And that's exactly the point - it's as easy to cure as athlete's foot in humans. So why not just treat it?  It goes very quickly when you do, so I'm not sure what the point is waiting for it to self limit, risk yourself and other people getting it, and potentially causing your horse to be uncomfortable.  Doesn't seem to be any point in it whatsoever.


----------



## cptrayes (14 August 2014)

Moomin1 said:



			That's great if you don't mind taking the risk of contracting it yourself, and any visitors to your yard don't mind that risk either. It also sticks about in the surrounding fences etc for years on end.  I personally can't understand why on earth anyone would want to allow ringworm to 'treat itself'.  Apart from the fact that it's irresponsible if people take that stance on livery yards, where other people may not wish their horse to be contracting it simply because someone doesn't want to treat it, it's not particularly pleasant for the horse to be riddled with an itchy fungal disease when it can be simply and quickly resolved with treatment.
		
Click to expand...

I've had at least twenty horses with it in the last thirty years and I have never caught it myself and never taken any precautions not to. But if I did catch it, I'd put canestan or an athlete's foot treatment on it and it would cause no trouble. It's an insignificant disease whose only problem in healthy horses is that it makes a mark in the coat for a while.

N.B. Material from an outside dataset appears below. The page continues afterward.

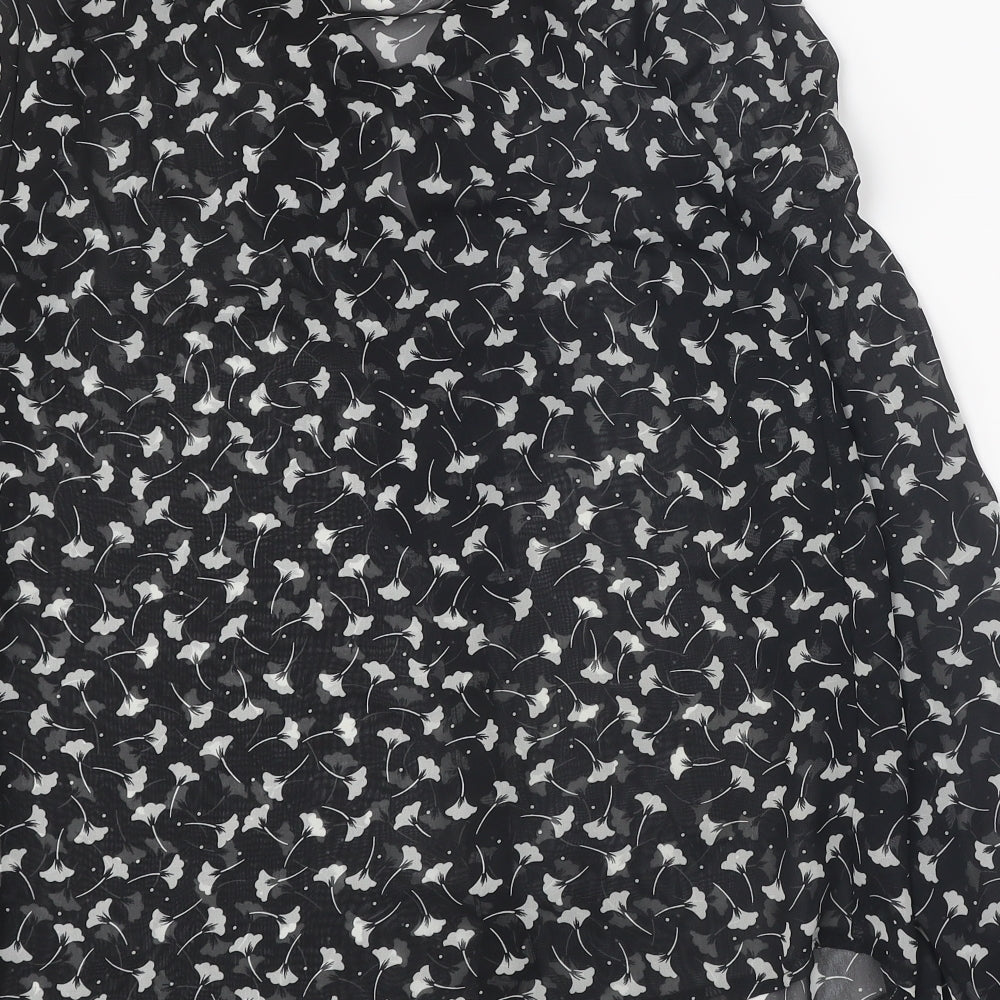 Womens UK Size 10 Atmosphere Black Basic Button-Up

Thankfully, I am no longer on a livery yard where people panic about it.


----------



## cptrayes (14 August 2014)

Moomin1 said:



			And that's exactly the point - it's as easy to cure as athlete's foot in humans. So why not just treat it?  It goes very quickly when you do, so I'm not sure what the point is waiting for it to self limit, risk yourself and other people getting it, and potentially causing your horse to be uncomfortable.  Doesn't seem to be any point in it whatsoever.
		
Click to expand...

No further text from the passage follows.